Well, we had a REALLY good conversation today and I'm beginning to think that, yeah, maybe it could be. We both laid it all out on the table. He explained that, in his mind, in a way we never really even moved on from being fwb's. We may have intended to, but without taking any concrete steps it wasn't real to him. That's why it was so easy for him to take this "breakup" well. He said that, in fact, he'd been thinking for a couple of months of suggesting the same thing, that we let the idea of partnership go, that he set me free from the semi-monogamous bounds I'd been adhering to for his sake.
He resisted the notion of breaking up when I brought it up, because he was still torn about it, and because nobody likes being rejected, but in his heart a large part of him had already accepted that this wasn't going to work out how we'd envisioned. I was kind of shocked to hear that he'd felt that way, but also greatly relieved.
For my part, I explained everything I've written above. I told him how I've felt guilt at the idea of getting to enjoy friendship and intimacy with him when it seems like it might be at the cost of him finding another partner. How I have a very hard time believing this could really be ok. He responded with candor to everything I said. He admitted that he might well be very hurt if/when I end up forming a partnership with someone else in the way I couldn't with him. It will be a bridge to either cross or burn when we get there. But, he said that he considers our friendship, our depth of understanding with each other, to be too valuable to sacrifice. He said that now, when he thinks about us growing old together, he can picture it being as best friends, and not necessarily as an old married couple.
Wow. To be that flexible, that logical about it... color me impressed. But I believed him, I didn't think he was lying to try to hold onto me by any means necessary, y'know? It was genuine.

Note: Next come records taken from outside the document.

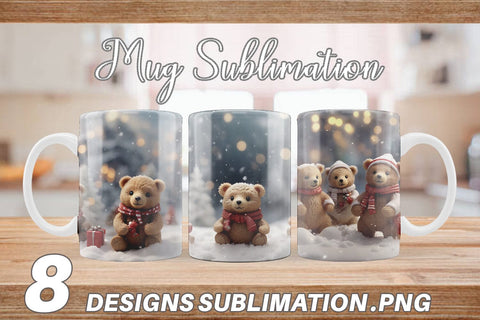 Mug Wrap Bears Christmas Sublimation artnoy 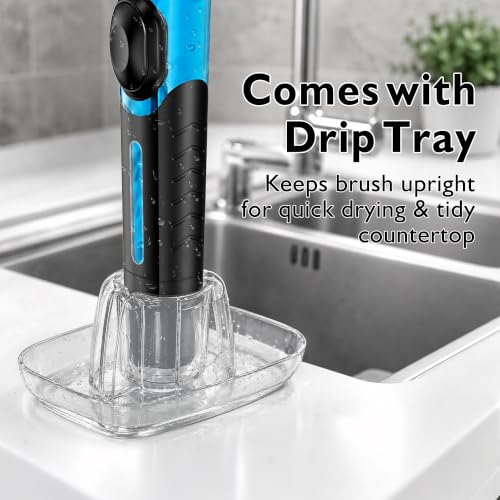Soap Dispensing Dish Brush with Holder & Refill Heads - Kitchen Cleaning Tool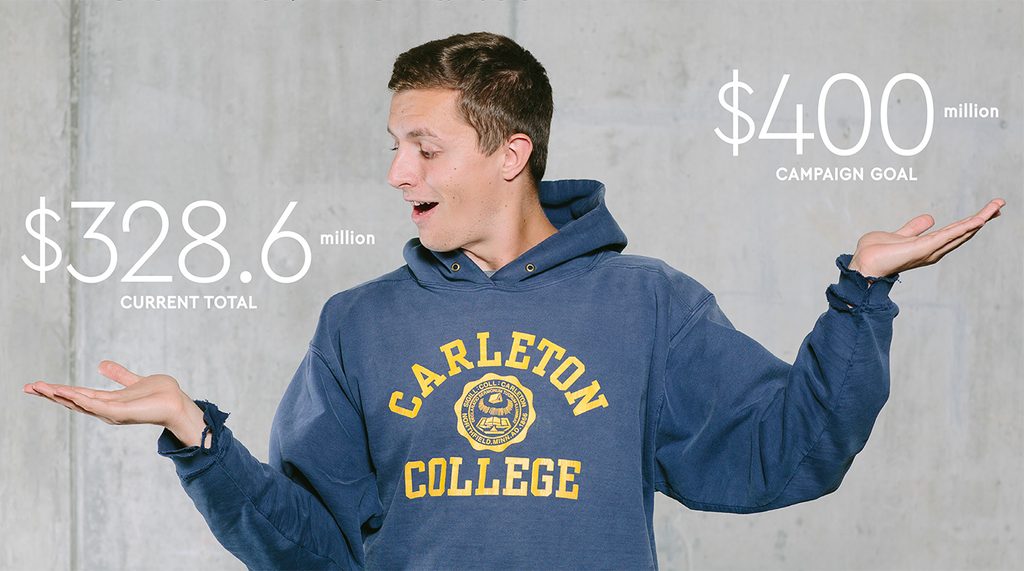 Photo illustration of a student with the campaign dollar amounts (current: $328.6 million, goal: $400 million) hovering above his hands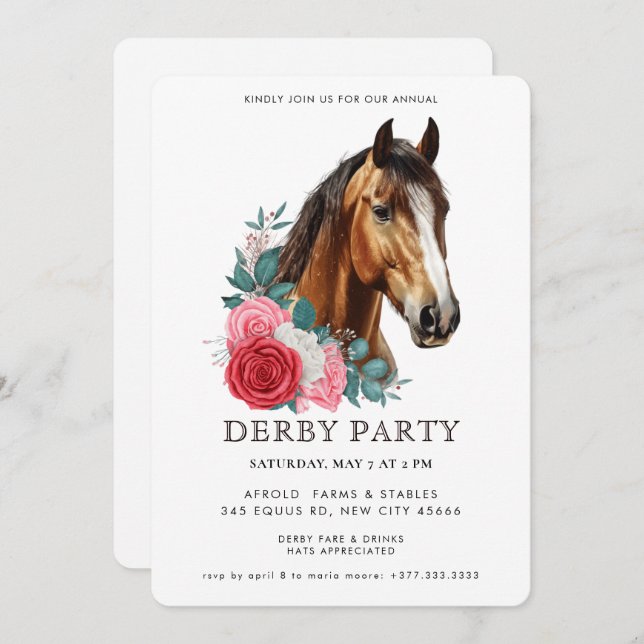 Southern Style Derby Party Invitation (Devant / Derrière)
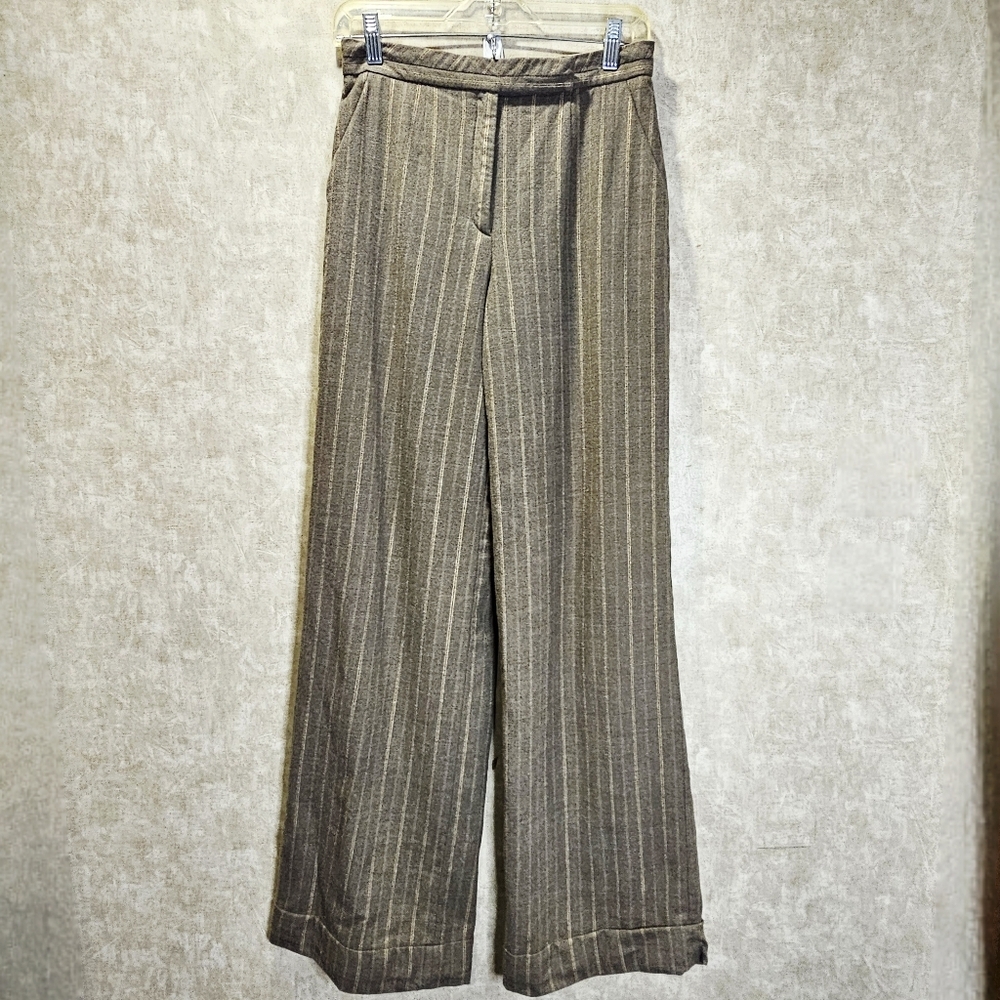 Escada Wool Striped Wide-Leg Trousers Women's Size 26x32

And, more than that, his actions the last few days have all borne out the notion that this "new normal" really is ok. Is, in fact, better than the way things had been. For instance, Gia happened to also be at the lecture that he and I attended last night. Afterwards, the two of them spoke about some of the ideas that had been raised. They haven't spoke to each other in MONTHS, and he's always been sort of taciturn around her. Not so anymore, apparently.
Another thing, a friend of mine has been interested in practicing Japanese rope bondage on me (with me clothed) for some time. I'd brought it up to Davis, and he'd been uncomfortable with the idea of my friend and I doing that on our own. I suggested that maybe he could watch, learn a few things. He'd been non-committal. While he didn't outright reject the idea, I also couldn't pin him down on it. I brought it up again the other day and he said yes right away, we set a date.
Finally, the most striking thing -- we've agreed to hang out every Wednesday night. We didn't have a date night when we were dating, but now that we've broken up we have one. o_0 Just... it's kind of stunning how much better things feel, and how much smoother they're flowing, now that we've re-framed our connection.
Heh, I have NO idea how to explain this to either of our sets of parents.